• What is expected:
Word for word, write out all the entries below, omitting every picture.

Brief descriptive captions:
◇ ◇ ◇ ◇

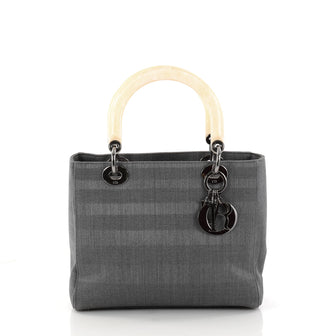 Christian Dior Lady Dior Handbag Canvas Medium Gray 2904101
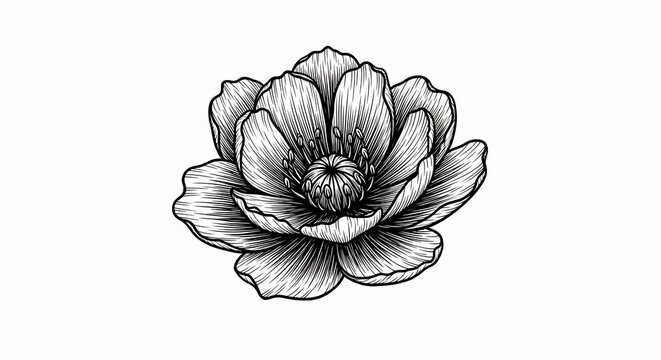 繊细な線描による、生命感あふれる花のイラスト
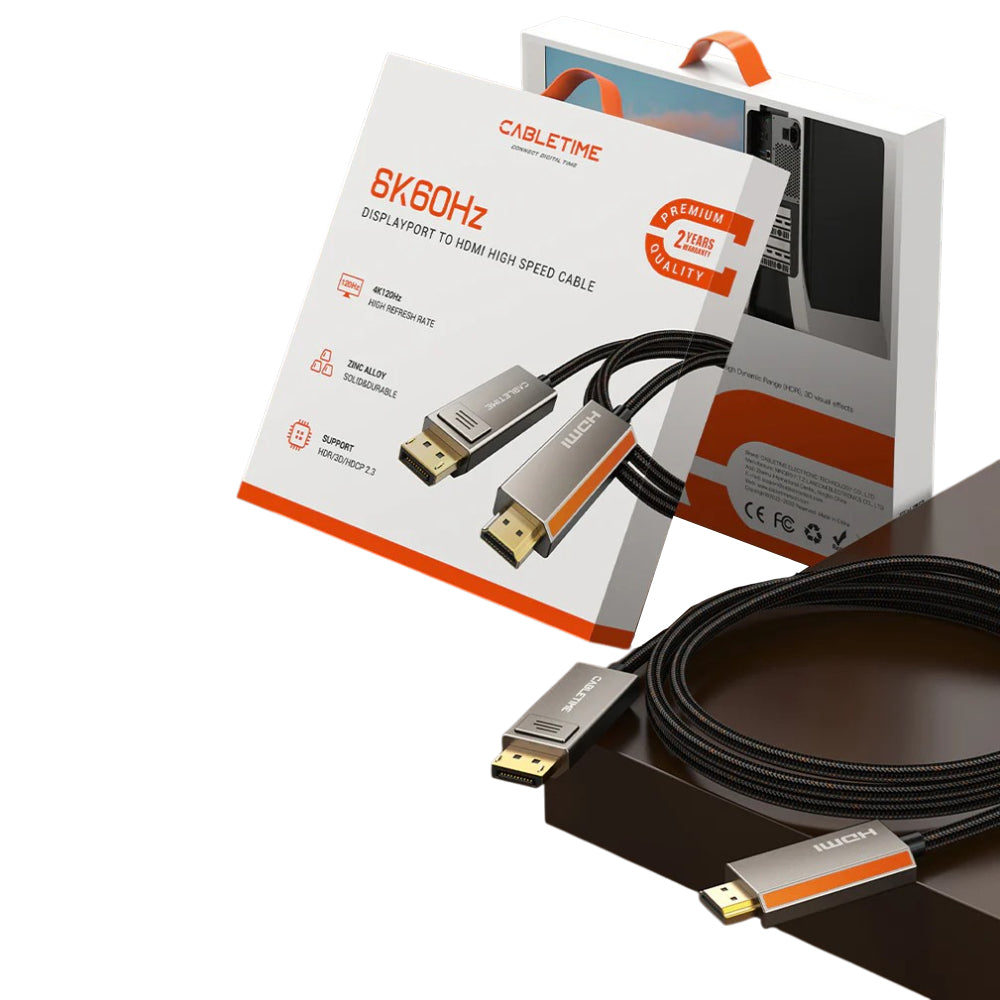 Cable Unidireccional DisplayPort 1.4 a HDMI 2.1 de 8K 60Hz 4K 120Hz 2 metros CABLETIME S2192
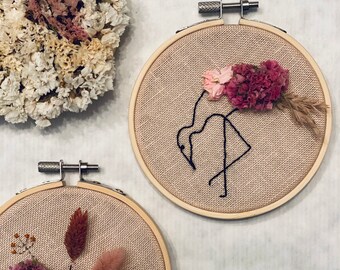 Floral Flamingo - Kreuzstich Florale Wandkunst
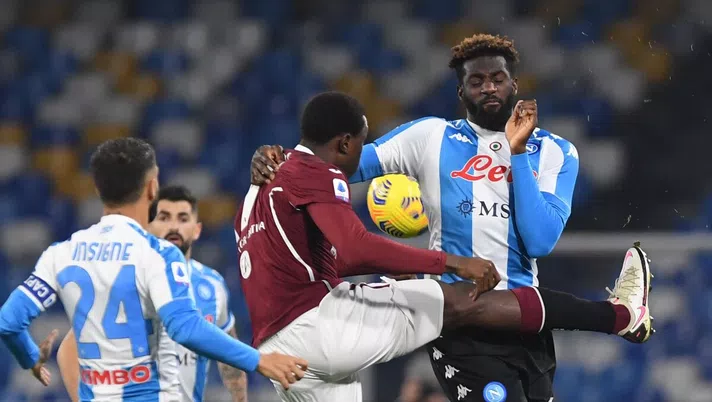 NAPLES, ITALY - DECEMBER 23: Tiemoue Bakayoko of Napoli during the Serie A match between SSC Napoli and Torino FC at Stadio Diego Armando Maradona on December 23, 2020 in Naples, Italy. (Photo by SSC NAPOLI/SSC NAPOLI via Getty Images)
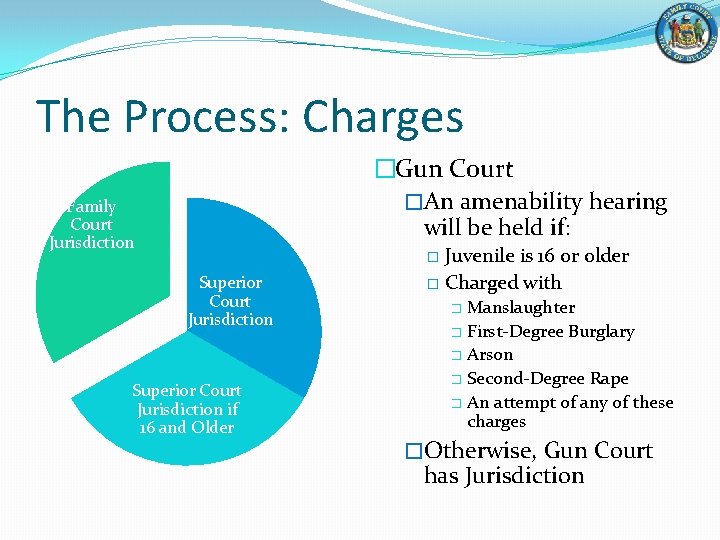 The Process: Charges �Gun Court �An amenability hearing will be held if: Family Court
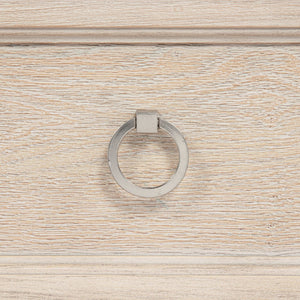 English Elm Wedner Five Drawer Oak Veneer Chest with Nickel Pulls for Bedroom Storage B062P520113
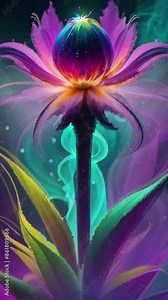 Vertical Alien Space Flower with Rainbow Smoke 4K Loop features an A.I. Generated video of an alien plant with particles and rainbow colored smoke floating from the plant in a vertical ratio.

◇ ◇ ◇ ◇

• Completed task:
 Christian Dior Lady Dior Handbag Canvas Medium Gray 2904101
 繊细な線描による、生命感あふれる花のイラスト
 Cable Unidireccional DisplayPort 1.4 a HDMI 2.1 de 8K 60Hz 4K 120Hz 2 metros CABLETIME S2192
 Floral Flamingo - Kreuzstich Florale Wandkunst
 NAPLES, ITALY - DECEMBER 23: Tiemoue Bakayoko of Napoli during the Serie A match between SSC Napoli and Torino FC at Stadio Diego Armando Maradona on December 23, 2020 in Naples, Italy. (Photo by SSC NAPOLI/SSC NAPOLI via Getty Images)
 The Process: Charges �Gun Court �An amenability hearing will be held if: Family Court
 English Elm Wedner Five Drawer Oak Veneer Chest with Nickel Pulls for Bedroom Storage B062P520113
 Vertical Alien Space Flower with Rainbow Smoke 4K Loop features an A.I. Generated video of an alien plant with particles and rainbow colored smoke floating from the plant in a vertical ratio.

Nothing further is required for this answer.